With his transportation destroyed and communications broken, Hooker would be seriously embarrassed in his pursuit of General Lee, or probably forced to fall back to defend the capital against this threatening demonstration, while the Confederate army was foraging in Pennsylvania. The original plan to Stuart was thwarted by an event which he could not control and which no sagacity could foresee. It was obvious that Hooker did not intend to initiate any movement, but would confine himself to covering the capital and observing his adversary. It was all important for the success of Stuart’s plan that the status quo should be preserved until at least he could get partly through Hooker’s army, when it would be too late for Hooker to do anything to defeat it. As I have said, when this expedition was resolved upon General Lee, with two army corps, [Lieutenant General James] Longstreet’s and [Lieutenant General A. P.] Hill’s, was near Berryville, in the Shenandoah Valley. Before daybreak on the morning of the twenty-fifth, Stuart debouched through Glancock’s Gap in the Bull Run Mountains and moved on the route before indicated toward Haymarket.

Now it so happened that on the very afternoon when Stuart withdrew his three brigades from Pleasanton’s front to start on his expedition to his rear, General Lee moved his two corps to the Potomac, Longstreet crossing at Williamsport and Hill below Shepherdstown. The route of march of Hill’s Corps was in plain view of the signal station on Maryland Heights, and [Brigadier General Robert O.] Tyler, the commanding officer, immediately telegraphed Hooker what was going on. It now became necessary for Hooker to move, and he issued an order for the crossing of his various corps at Edwards’s Ferry, near Leesburg, on June 26, the cavalry being ordered to cover the crossing. About the time, therefore, that the head of Stuart’s column debouched through the Bull Run Mountains on the morning of the twenty-fifth, Hancock broke up camp and moved northward.

When Stuart reached Haymarket he found the roads all occupied by Hancock’s troops, and as Hancock was not so polite as to give him the road, Stuart opened fire on him with artillery. Hancock kept the right of way and spent that night at Gum Springs, near where I had expected to join Stuart. As soon as Stuart discovered Hancock’s movement he sent a courier to inform General Lee of it.

With my own detachment, on the same morning I crossed the Bull Run near Aldie, having narrowly escaped capture by a regiment of infantry which [Major General George G.] Meade, whose corps was lying nearby, had placed in ambush right in my path; fortunately they fired upon and captured two men I had sent out a few hundred yards in advance, and thus giving us the alarm, I flanked them and went on. I heard the cannonading about Haymarket and hurried to meet Stuart. When I got to the Little River Turnpike about eight miles below Aldie, which was to be my point of junction with Stuart, I struck the head of Hancock’s column. His divisions were marching on every road. I spent the day and night riding about among Hancock’s troops, and with great difficulty extricated myself from the dilemma in which I was placed. I could not find out where Stuart was nor he where I was, so the next day I returned to Fauquier and went on to Pennsylvania, passing through Snicker’s Gap in the Blue Ridge, where I stopped to get ammunition for my command from [Brigadier General William E.] Jones’s cavalry brigade, which had fallen back to that place after Hooker had moved to the Potomac. Stuart had been compelled to make a wider circuit than he had originally intended and passed down through Brentsville and Fairfax Court House, crossing the Potomac at Seneca on the night of the twenty-seventh. But for the unexpected movement of Hancock’s corps, Stuart would have crossed the Potomac the night of the twenty-fifth in advance of Hooker. Thence he moved north, toward the Susquehanna (where he expected to meet Lee), through Westminster and Hanover.
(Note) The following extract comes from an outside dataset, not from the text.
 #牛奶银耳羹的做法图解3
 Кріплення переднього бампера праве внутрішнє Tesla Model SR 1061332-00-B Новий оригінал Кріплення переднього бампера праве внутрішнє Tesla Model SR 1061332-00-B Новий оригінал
It is charged that this expedition of Stuart’s, by which for several days the Union army became interposed between him and the Confederate army, deprived General Lee of all information concerning the movements of the Union army, which, it was the duty of his chief of cavalry to supply. On account of this ignorance of the Confederate general of the movements of his adversary, General Heth states that General Lee “stumbled” into the fight at Gettysburg. Now if General Stuart, before starting, submitted his plan of operations to General Lee, and he approved it, then Stuart is exonerated from all responsibility for its influence on General Lee’s plans, unless it can be shown that Stuart somewhere failed in properly executing it.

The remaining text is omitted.